Ruth Heim, PhD, applauds the paper's call for ethnic and racial equity in detection of disease-causing variants, noting it is in line with conclusions she has reached in her own research. However, “molecular diagnosis isn't the only way to go,” says Dr. Heim, Director of Clinical Operations at Integrated Genetics in Westborough, Massachusetts. The non-genetic test of the concentration of chloride in sweat is also diagnostic, she notes. Often, physicians familiar with CF can diagnose classic cases of the disease clinically. Molecular testing is more important in cases where symptoms aren't clear-cut, and it is necessary in newborns, she notes.

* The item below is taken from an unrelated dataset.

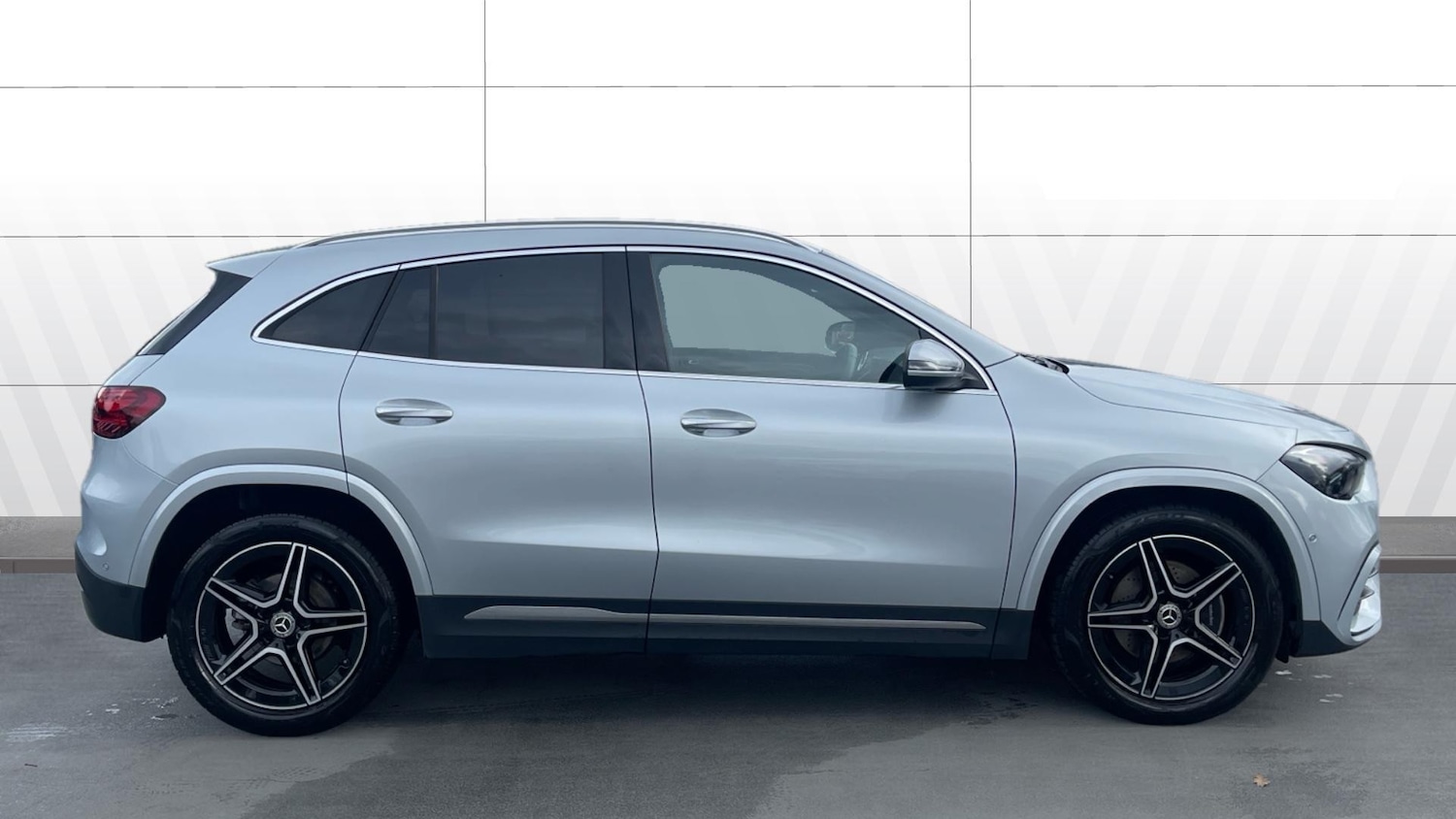 Used Mercedes-Benz GLA 2024 for sale - 76467916: Photo 5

The paper didn't discuss some key issues, including whether patients' variants actually caused disease or how severe it was. Early diagnosis is more important for patients with more severe CF, Dr. Heim adds.

The researchers say their findings have implications for carrier and newborn screening as well as diagnostic testing. However, the director of molecular testing at a large academic reference lab identifies various molecular testing scenarios beyond the 23-variant panel.

“We use a panel that includes the ACMG 23 variants mainly as carrier screening but also as a first step for diagnostic testing,” says Elaine Lyon, PhD, Medical Director of Molecular Genetics/Genomics and also Co-Medical Director of Pharmacogenetics at ARUP Laboratories in Salt Lake City.

Many labs have larger panels. For example, Illumina's CF panel kit assay with 139 mutations is cleared by the U.S. Food and Drug Administration and can be used by other laboratories.

If the panel does not identify two causative mutations in patients with symptomatic CF, the next step is sequencing the gene. Some clinicians order it as a first step. If sequencing doesn't identify two causative mutations, testing should continue to detect deletions and duplications, says Dr. Lyon.

But physicians who are not very familiar with CF might not be aware of all of these testing options, notes MyMy Buu, MD, Clinical Assistant Professor of Pediatrics and Pediatric Pulmonology at Stanford School of Medicine in California. Her own research found that Hispanic patients with CF have a higher mortality rate than patients from other groups, even after adjusting for socioeconomic factors and disease severity.

Dr. Buu included patients who had been diagnosed with CF before California added the disease to its newborn screening panel. The state now includes a group of 40 CFTR mutations selected for its diverse population, she notes.

Dr. Lyon says the paper by Schrijver et al. offers a message that is consistent with good practice. “Look at the test offerings and make decisions that are best for individual patients. Most medical geneticists know this, but other specialists may not,” she adds.